What you will do — The data must be reproduced verbatim; images are to be omitted.

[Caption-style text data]
_ _ _ _ _
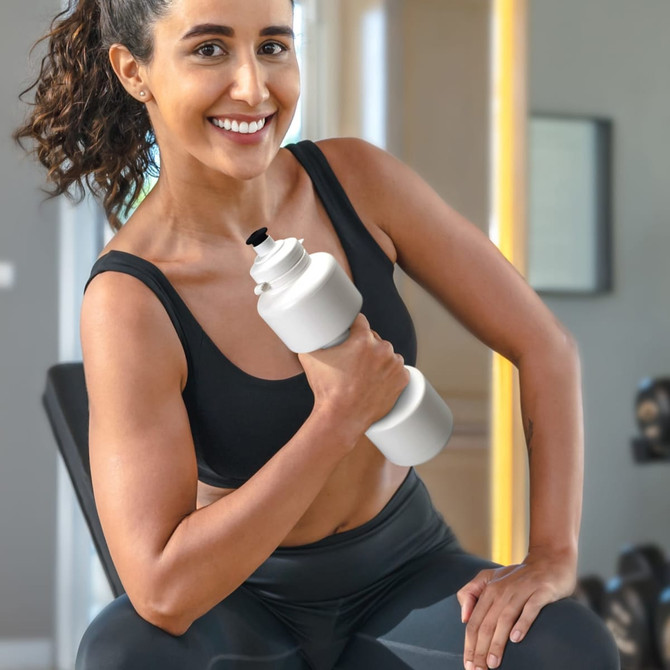 A drink bottle designed like a dumbbell, featuring a white colour, held by a smiling woman in activewear.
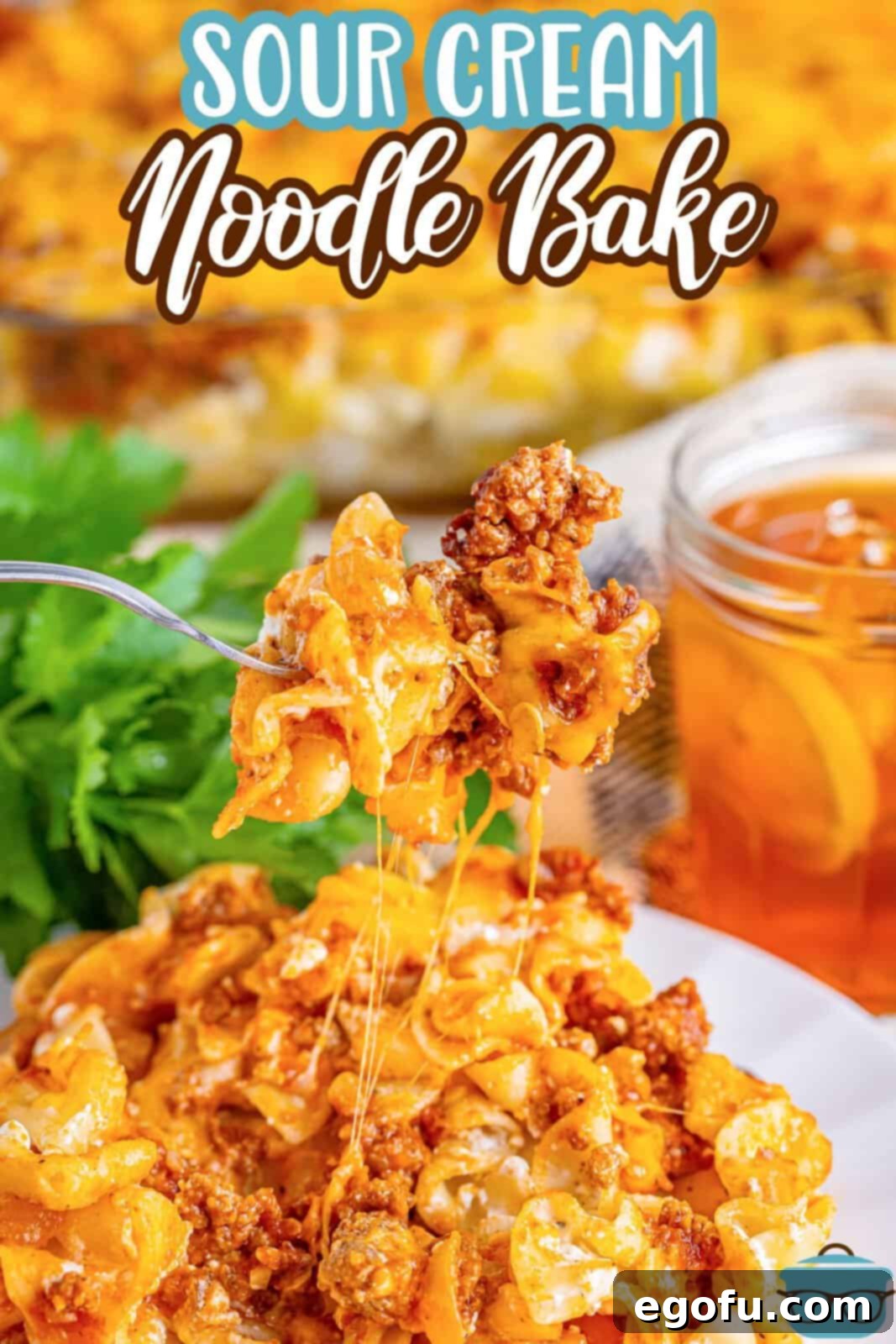 Creamy Baked Noodle Delight 3 A fork with a bite of Sour Cream Noodle Bake, showing the layers of noodle, meat, and cheese.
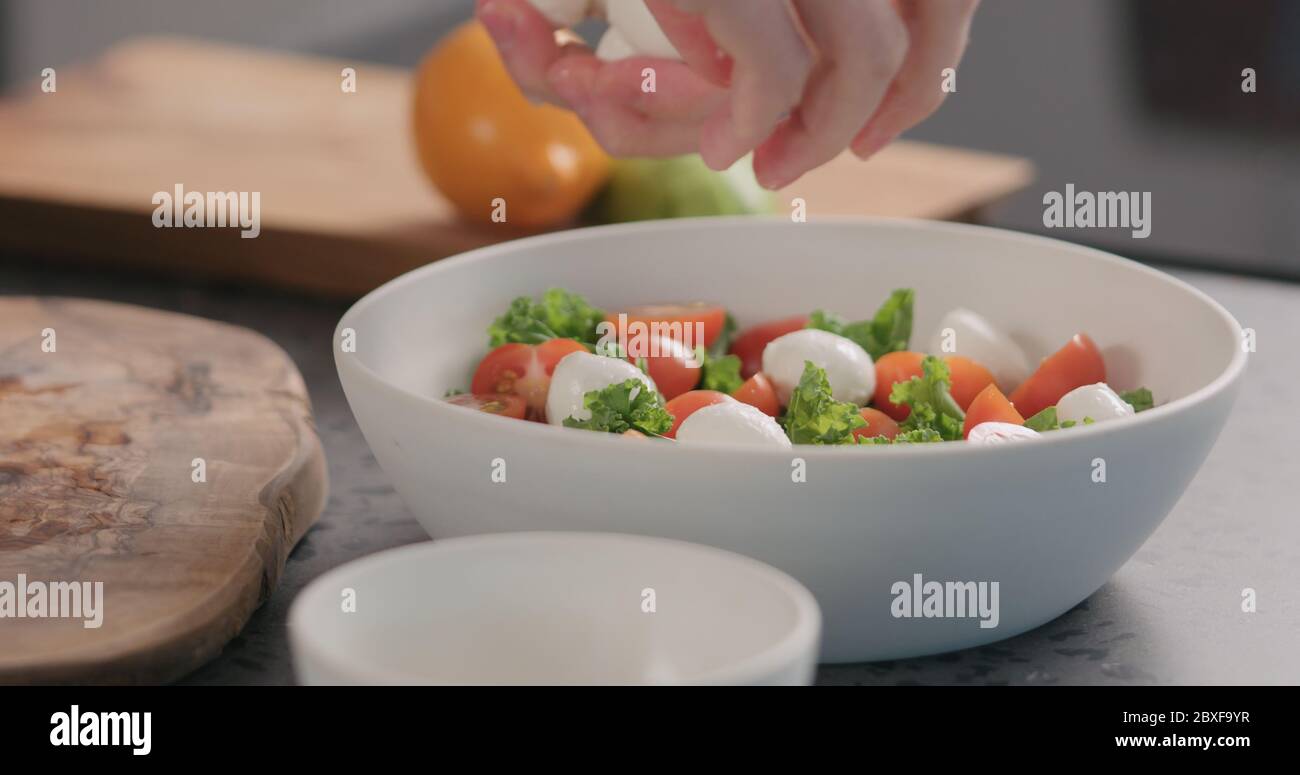 Man fügt Mozzarella in Salat mit Grünkohl und Tomaten in Weiße Schüssel auf Küchenarbeitspe Stockfoto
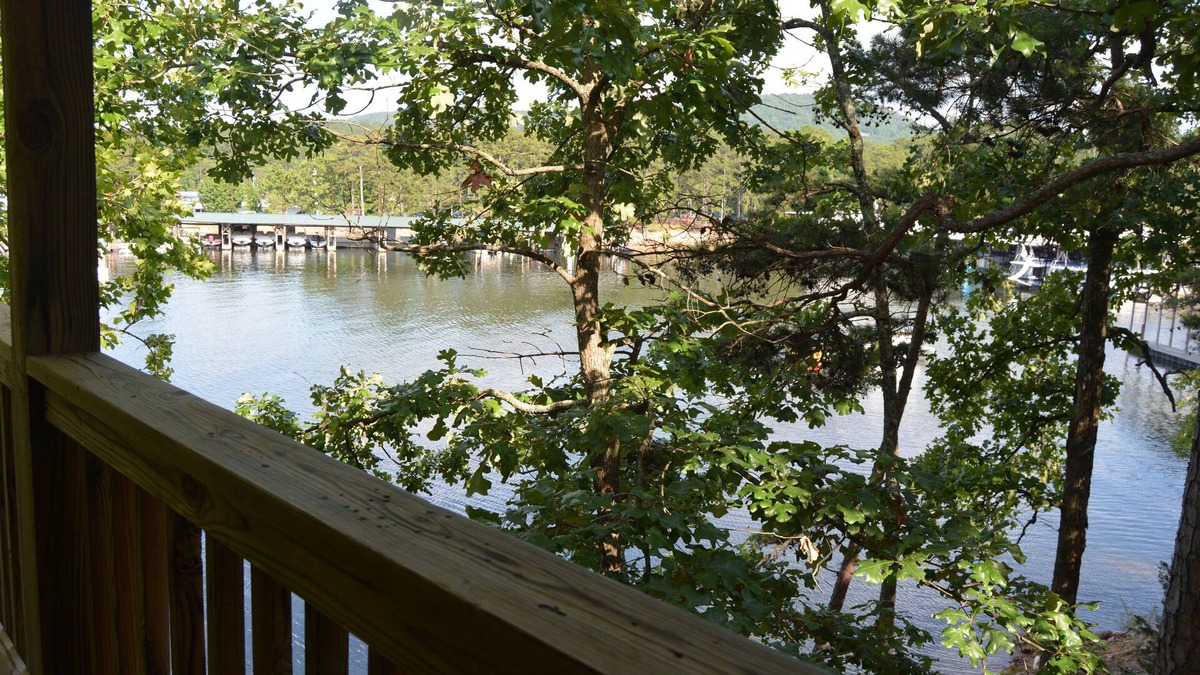 Mount Ida Cottage | Lake view two bedroom, two bath log-sided, luxury Harbor North loft cottage with hot tub overlooking Lake Ouachita. by RedAwning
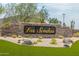 Las Sendas community entrance sign surrounded by desert plants and stone landscaping at 7445 E Eagle Crest Dr # 1122, Mesa, AZ 85207
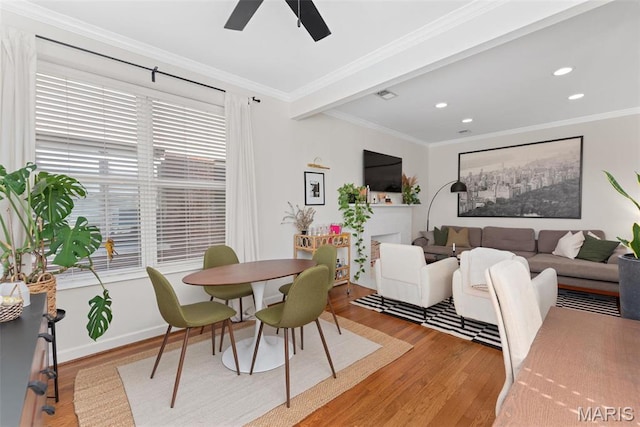 5621 Pershing Ave Unit 21, Saint Louis, MO 63112 - dining room featuring light wood-style flooring, crown molding, ceiling fan, recessed lighting, and baseboards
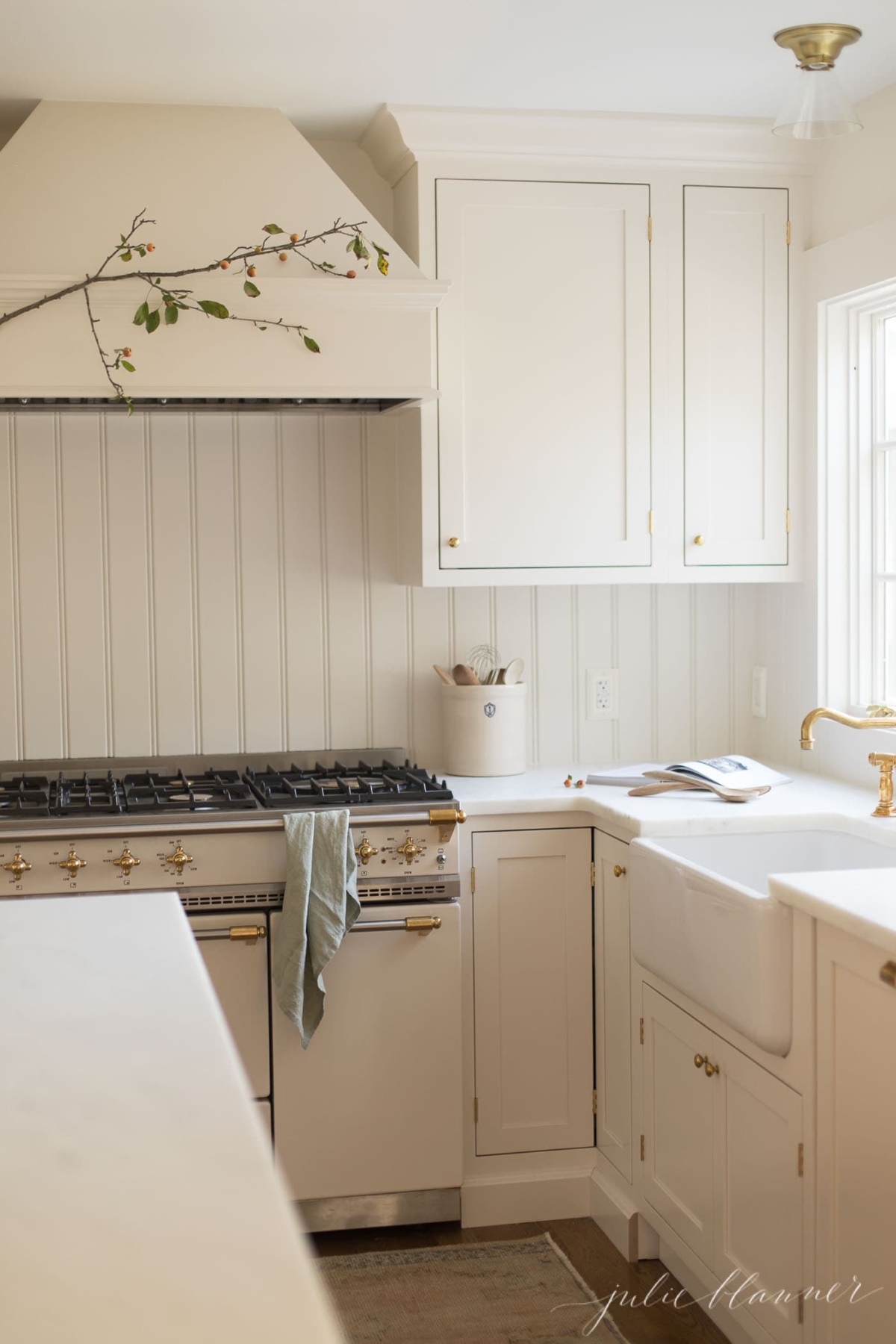 A white kitchen with fall branches hanging over the range.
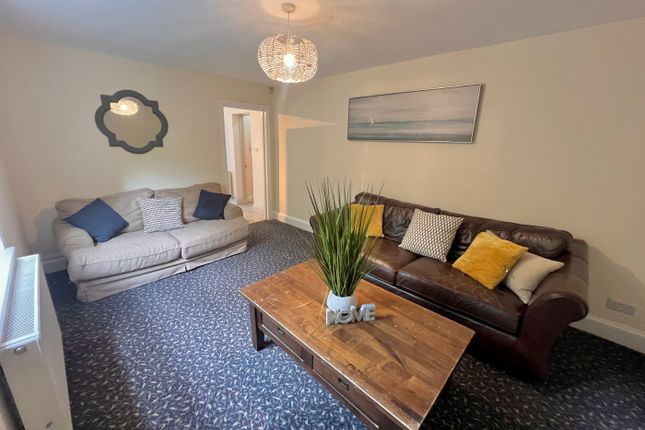 A Spacious And Inviting Living Room Perfect For So...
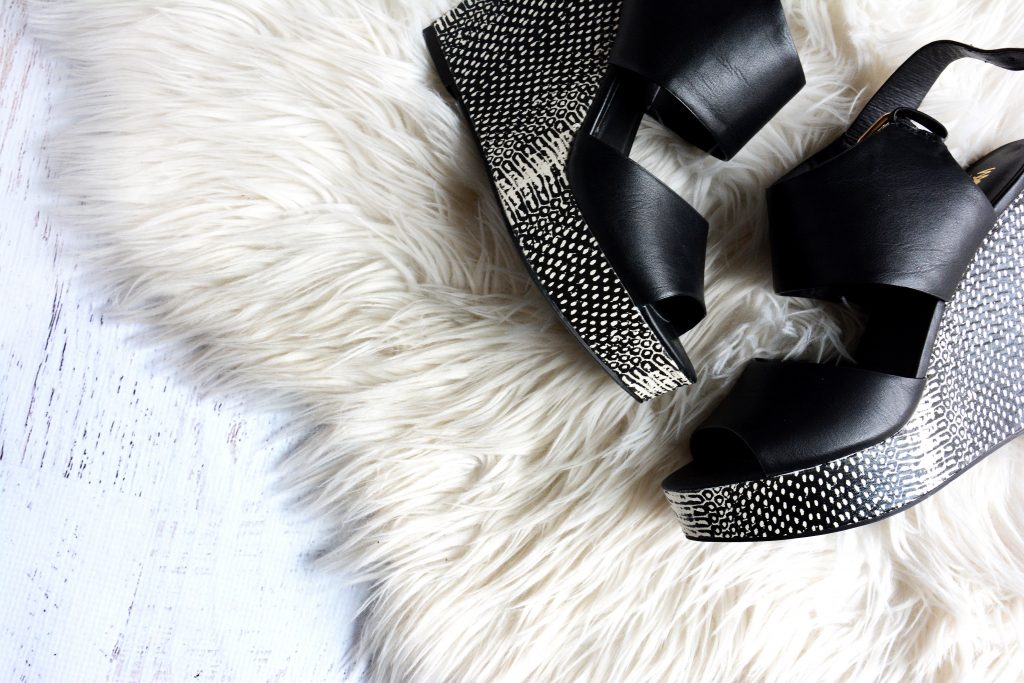 Black wedges with silver detailing on white furry carpet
_ _ _ _ _
Written response —
 A drink bottle designed like a dumbbell, featuring a white colour, held by a smiling woman in activewear.
 Creamy Baked Noodle Delight 3 A fork with a bite of Sour Cream Noodle Bake, showing the layers of noodle, meat, and cheese.
 Man fügt Mozzarella in Salat mit Grünkohl und Tomaten in Weiße Schüssel auf Küchenarbeitspe Stockfoto
 Mount Ida Cottage | Lake view two bedroom, two bath log-sided, luxury Harbor North loft cottage with hot tub overlooking Lake Ouachita. by RedAwning
 Las Sendas community entrance sign surrounded by desert plants and stone landscaping at 7445 E Eagle Crest Dr # 1122, Mesa, AZ 85207
 5621 Pershing Ave Unit 21, Saint Louis, MO 63112 - dining room featuring light wood-style flooring, crown molding, ceiling fan, recessed lighting, and baseboards
 A white kitchen with fall branches hanging over the range.
 A Spacious And Inviting Living Room Perfect For So...
 Black wedges with silver detailing on white furry carpet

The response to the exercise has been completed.